Ein Leben in Waterloo

■ Das Paula-Modersohn-Becker-Museum widmet dem vergessenen und vom Unglück verfolgten Bremer Maler Arnold Schmidt-Niechciol eine Ausstellung

Wer gerade mal wieder ein Depressiönchen durchmacht und sicher ist, das ärmste Schwein auf der Welt zu sein, von niemanden geliebt zu werden und zudem sowieso im Leben immer schon ein großer Pechvogel gewesen zu sein, der sollte Bekanntschaft mit der Biografie von Arnold Schmidt-Niechciol machen. Und im Anschluß daran alles nochmals ganz neu überdenken.

Ein Skiunfall und die anschließende mißglückte Operation entstellten ihm schon als Kind Gesicht und Leib. Ein fliehendes Kinn und der schiefe, sehr bald fast zahnlose Mund erschwerten ihm das Reden und machten Arnold Schmidt-Niechciol zeitlebens nicht gerade zu einer rasend attraktiven Erscheinung. Auch als Zeichner blieb dem 1893 bei Breslau geborenen Künstler die Anerkennung seiner Mitmenschen weitgehend versagt. Während des Zweiten Weltkriegs wurde seine Bremer Wohnung in der Löningstraße 15 gleich mehrmals ausgebombt, so daß ein schwerkranker und stark unternährter Schmidt-Niechciol das Kriegsende im Mai 1945 erlebte. Es fügt sich in dieses eher triste Bild, daß der am Ende von Lungentuberkulose geplagte Schmidt-Niechciol 1960 weitgehend verarmt in einer Heilstätte des Roten Kreuzes in Nordholz verstarb und auf dem Riensberger Friedhof begraben wurde. Ist so viel Unglück noch zu steigern? Es ist.

Denn auch nach seinem Tod wurde Schmidt-Niechciol kein Günstling des Schicksals. Gleich mehrere Ausstellungen in den 60er Jahren in der Bremer Kunsthalle, im Schnoor, im Graphischen Kabinett und in der Stadtwaage mühten sich vergeblich, das umfangreiche Werk von Arnold Schmidt-Niechciol dem Vergessen zu entreißen.
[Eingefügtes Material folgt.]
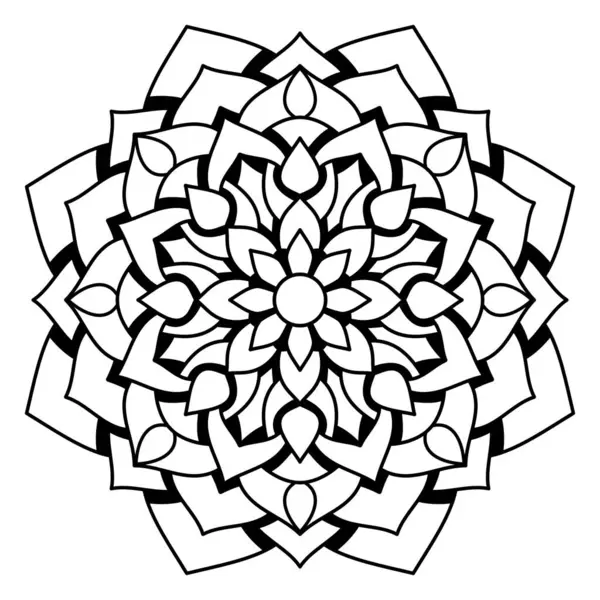 Çizgili çiçek mandala, dairesel şekil, botanik, doğal tema çizimi, boyama kitabı sayfası, süs, dekorasyon, dövme, duvar kağıdı, arka plan, kart, çıkartma.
Nun versucht das Paula-Modersohn-Becker Museum mit einer eigens ihm gewidmeten Ausstellung erneut, die Erinnerung an diesen Künstler aufzufrischen, der seit 1922, als er in Worpswede seine spätere Ehefrau Marianne Elisabeth Boesking kennengelernt hatte, in Bremen gelebt und gearbeitet hat.

Anlaß für diese kleine Retrospektive: Die Kunst- und Kulturstiftung der Sparkasse, mit der die Kunstsammlungen Böttcherstraße eng kooperieren, hat aus einer Privatsammlung etwa 280 Arbeiten Schmidt-Niechciols erworben und sie dem Museum als Dauerleihgabe zur Verfügung gestellt. 130 Werke – mit Ausnahme einiger Ölgemälde ausschließlich Zeichnungen – umfaßt die Retrospektive, die bis zum 9. Mai zu sehen sein wird.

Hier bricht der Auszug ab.